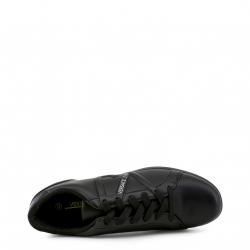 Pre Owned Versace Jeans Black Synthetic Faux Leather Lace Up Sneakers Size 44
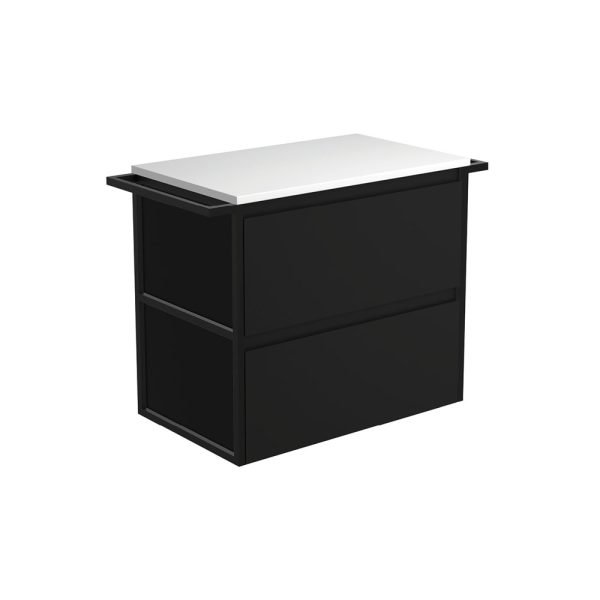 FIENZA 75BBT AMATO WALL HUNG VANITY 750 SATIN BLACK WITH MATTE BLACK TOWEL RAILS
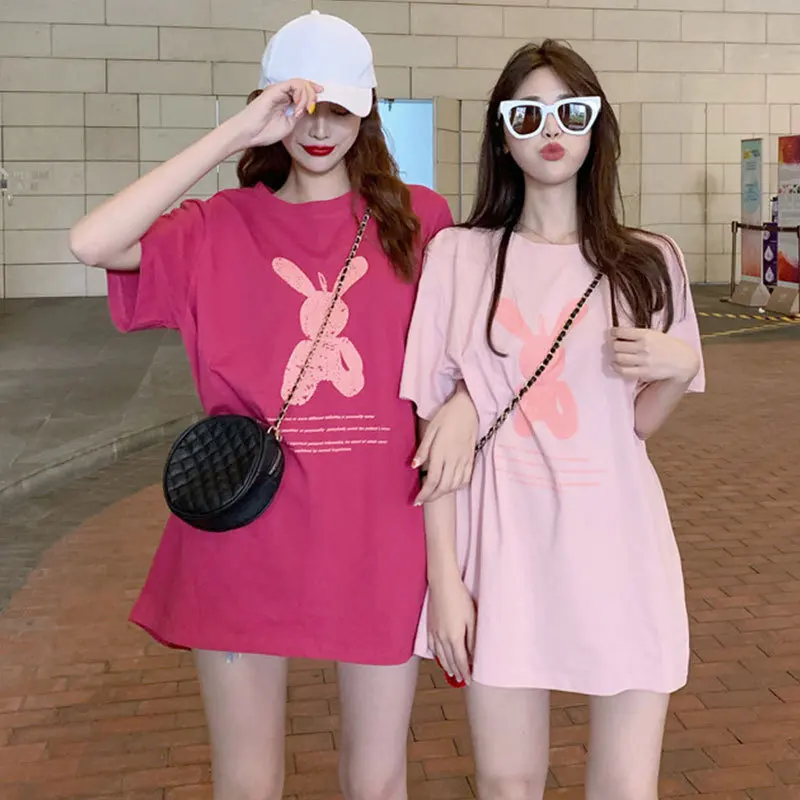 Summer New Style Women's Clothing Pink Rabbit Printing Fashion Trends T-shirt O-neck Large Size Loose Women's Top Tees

============

EXERCISE INSTRUCTIONS. Make an exact copy of the data above, pictures excluded.

RESULT FOR THIS TASK.
 Pre Owned Versace Jeans Black Synthetic Faux Leather Lace Up Sneakers Size 44
 FIENZA 75BBT AMATO WALL HUNG VANITY 750 SATIN BLACK WITH MATTE BLACK TOWEL RAILS
 Summer New Style Women's Clothing Pink Rabbit Printing Fashion Trends T-shirt O-neck Large Size Loose Women's Top Tees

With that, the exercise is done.